The Israel Air Force (IAF) is considering purchasing quantities of Joint Direct Attack Munition-Extended Range (JDAM-ER), which is currently under development by Boeing and the Royal Australian Air Force. Israeli aviation experts have been impressed by the recent testing of this weapon system at the Woomera Test Facility in South Australia with the Royal Australian Air Force.
JDAM is a low-cost guidance kit produced by Boeing that converts existing unguided free-fall bombs into precision guided "smart" weapons. The JDAM kit consists of a tail section that contains a Global Positioning System/Inertial Navigation System and body improvements for additional stability and lift. The latest ER version of the JDAM consists of an additional set of wings that are installed on the bomb and extend its range close to a hundred kilometers, which could enable Israeli fighter jets to hit targets in Lebanon and Syria without actually leaving the country's protected airspace.
Israel became the first foreign customer to purchase the standard JDAM system in 2000. The kits were then added on to Mk-84, 2,000-pound bombs, turning simple iron bombs into precision, satellite guided weapons. The IAF has also recently received new shipments of JDAMs that are capable of using a laser for guidance as well as the standard GPS and protected against electronic jamming. In addition, the IAF recently completed an upgrade of its F-15 fleet to enable all models of the aircraft to carry JDAM bombs. Until now, only the F-15I was capable of carrying the smart-bomb.

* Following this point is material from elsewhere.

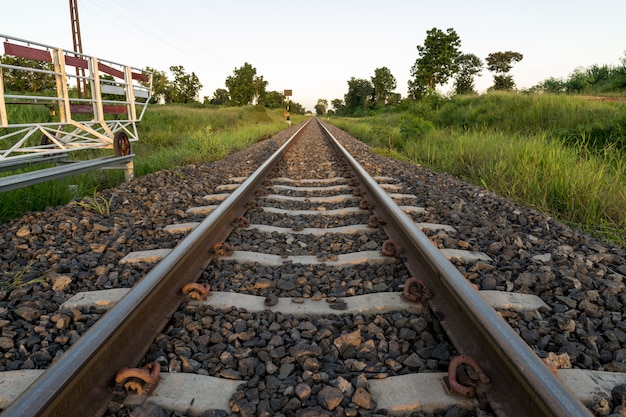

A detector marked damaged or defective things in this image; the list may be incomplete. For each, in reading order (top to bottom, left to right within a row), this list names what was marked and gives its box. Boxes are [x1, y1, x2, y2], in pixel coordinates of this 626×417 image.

rusty steel rail [0, 118, 310, 414]
rusty steel rail [316, 119, 588, 416]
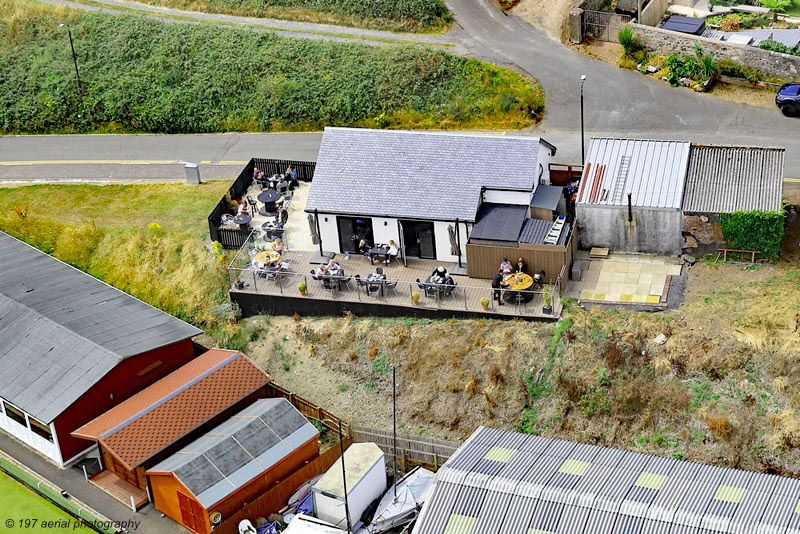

JDAM-equipped bombs receive data on the kit's target while still attached to the warplane's computer. After the jet releases it, a satellite takes over and guides it to its target. This relieves the aircraft and crew from the need to remain in enemy territory to "ride the bomb down" to its target. The system's greatest benefit is its accuracy regardless of weather conditions, day or night.
The Jerusalem Post reported the IAF’s interest in JDAM-ERs on Dec. 11.